Give back all of the data exactly, with every picture omitted.

Data segment:
- - - -

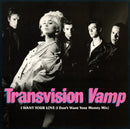 Transvision Vamp – I Want Your Love (NM, FUNDA EX) BOX6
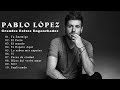 Pablo López  Grandes Exitos Enganchados | Sus Mejores Éxitos | Completo 2020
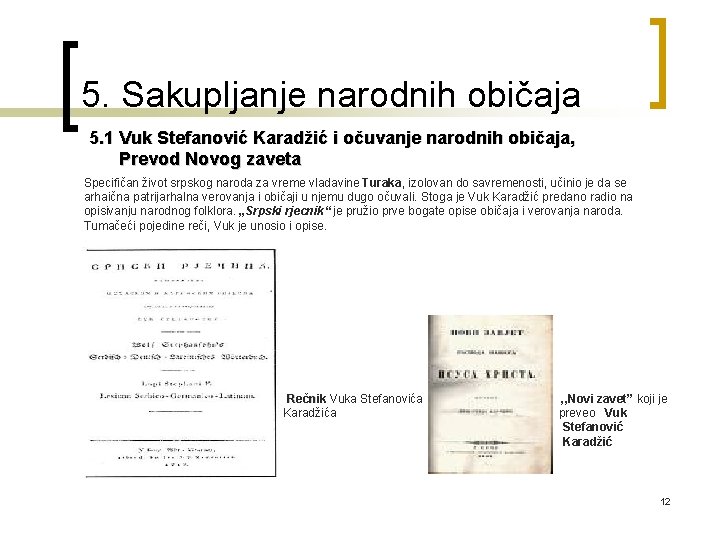 5. Sakupljanje narodnih običaja 5. 1 Vuk Stefanović Karadžić i očuvanje narodnih običaja, Prevod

- - - -

Output for this exercise:
 Transvision Vamp – I Want Your Love (NM, FUNDA EX) BOX6
 Pablo López  Grandes Exitos Enganchados | Sus Mejores Éxitos | Completo 2020
 5. Sakupljanje narodnih običaja 5. 1 Vuk Stefanović Karadžić i očuvanje narodnih običaja, Prevod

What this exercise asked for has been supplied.